WORK INSTRUCTIONS: Where a line in the records below includes "Card", pull that line out.

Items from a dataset
•••••

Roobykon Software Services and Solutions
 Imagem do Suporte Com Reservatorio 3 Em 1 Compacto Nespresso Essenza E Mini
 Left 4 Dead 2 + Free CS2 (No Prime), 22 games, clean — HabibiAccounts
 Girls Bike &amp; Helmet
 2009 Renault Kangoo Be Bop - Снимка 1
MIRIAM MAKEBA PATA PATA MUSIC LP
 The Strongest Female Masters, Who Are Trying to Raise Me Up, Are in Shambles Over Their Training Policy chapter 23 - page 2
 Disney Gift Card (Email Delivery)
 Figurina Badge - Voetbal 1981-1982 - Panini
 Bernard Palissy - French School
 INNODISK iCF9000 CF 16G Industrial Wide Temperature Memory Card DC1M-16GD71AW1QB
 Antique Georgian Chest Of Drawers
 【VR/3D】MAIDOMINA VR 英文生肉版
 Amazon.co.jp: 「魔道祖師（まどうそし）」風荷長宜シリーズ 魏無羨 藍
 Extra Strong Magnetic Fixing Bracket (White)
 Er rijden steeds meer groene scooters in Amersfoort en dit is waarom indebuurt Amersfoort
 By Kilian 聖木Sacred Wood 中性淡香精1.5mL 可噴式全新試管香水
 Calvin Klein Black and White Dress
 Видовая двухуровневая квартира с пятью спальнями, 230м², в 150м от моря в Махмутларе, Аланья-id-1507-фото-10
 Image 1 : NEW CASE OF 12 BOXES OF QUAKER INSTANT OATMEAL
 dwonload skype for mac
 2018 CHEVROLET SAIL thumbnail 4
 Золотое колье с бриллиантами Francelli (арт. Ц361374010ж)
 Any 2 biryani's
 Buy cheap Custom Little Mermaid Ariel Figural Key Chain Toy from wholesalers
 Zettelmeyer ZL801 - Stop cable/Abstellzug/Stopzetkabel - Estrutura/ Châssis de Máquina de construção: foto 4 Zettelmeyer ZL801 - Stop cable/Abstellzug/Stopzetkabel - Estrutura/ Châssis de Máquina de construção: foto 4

•••••

YOUR RESPONSE:
 Disney Gift Card (Email Delivery)
 INNODISK iCF9000 CF 16G Industrial Wide Temperature Memory Card DC1M-16GD71AW1QB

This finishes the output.